MySQL Database Service inbound replication channel troubleshooting

Using a MySQL Database Service instance in OCI as an asynchronous replica is very useful. It allows testing the service with always updated data from on-premise production. It can be used in the process of migrating with minimal downtime to OCI and finally, it can also be used between MDS instances on different regions for DR, analytics, etc…

Here are some links to the documentation and other resources about inbound replication channel and how to use it:

In this article, we consider that you already have everything ready to replicate from the source to a MDS instance. This means that the network part (VCNs, eventual VPN, routing, security list) and the replication user and credentials have been configured.

We will consider errors like described in this schema:

But before checking what kind of error we can encounter, let’s see how we can verify the status of the inbound replication channel.

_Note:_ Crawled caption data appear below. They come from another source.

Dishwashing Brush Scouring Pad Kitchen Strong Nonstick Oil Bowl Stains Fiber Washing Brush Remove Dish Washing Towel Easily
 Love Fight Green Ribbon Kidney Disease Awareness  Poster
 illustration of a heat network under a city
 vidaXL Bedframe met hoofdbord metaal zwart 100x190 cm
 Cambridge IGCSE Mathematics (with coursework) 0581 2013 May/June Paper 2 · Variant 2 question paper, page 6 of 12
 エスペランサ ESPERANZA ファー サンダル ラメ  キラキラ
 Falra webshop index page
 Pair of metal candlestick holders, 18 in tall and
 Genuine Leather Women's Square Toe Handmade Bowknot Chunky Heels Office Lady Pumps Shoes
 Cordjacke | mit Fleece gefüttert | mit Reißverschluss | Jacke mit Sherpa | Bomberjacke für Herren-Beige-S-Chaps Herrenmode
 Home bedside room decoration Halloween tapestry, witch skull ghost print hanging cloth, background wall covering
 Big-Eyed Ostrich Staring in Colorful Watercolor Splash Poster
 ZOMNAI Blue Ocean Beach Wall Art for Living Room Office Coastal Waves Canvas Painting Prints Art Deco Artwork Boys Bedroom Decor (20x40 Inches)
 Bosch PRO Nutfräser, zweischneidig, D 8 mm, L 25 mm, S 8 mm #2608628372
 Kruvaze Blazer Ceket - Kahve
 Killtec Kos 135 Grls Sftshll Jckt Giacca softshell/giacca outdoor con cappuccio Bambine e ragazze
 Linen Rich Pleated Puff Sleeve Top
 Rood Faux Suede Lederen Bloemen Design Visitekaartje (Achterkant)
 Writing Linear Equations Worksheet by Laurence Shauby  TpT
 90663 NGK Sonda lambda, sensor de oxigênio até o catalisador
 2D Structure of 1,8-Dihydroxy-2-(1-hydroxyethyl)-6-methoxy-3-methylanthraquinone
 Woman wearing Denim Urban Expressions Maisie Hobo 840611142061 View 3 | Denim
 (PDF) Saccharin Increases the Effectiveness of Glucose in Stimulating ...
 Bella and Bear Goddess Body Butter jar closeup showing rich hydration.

Inbound Replication Channel Status

The first source to see if the replication channel is running, is the OCI MDS console:

We can also use the oci sdk to get that info. For example, from the cloud shell, you can get the status using the channel’s ocid:

$ oci mysql channel get --channel-id <channel_ocid> | grep lifecycle-state
  "lifecycle-state": "NEEDS_ATTENTION"

Let’s see an example:

However, we have no idea of what is wrong, but we know we need to check.

Please note that the status on the console is not updated in real-time and can take up to 10mins before noticing a problem. I encourage you to check the MySQL Replication Channel status directly from the replica instance itself (more on that later).

How to know what is the problem ?

The only way to see what is the problem, is to connect on the MDS replica instance and verify using our client. I use MySQL Shell.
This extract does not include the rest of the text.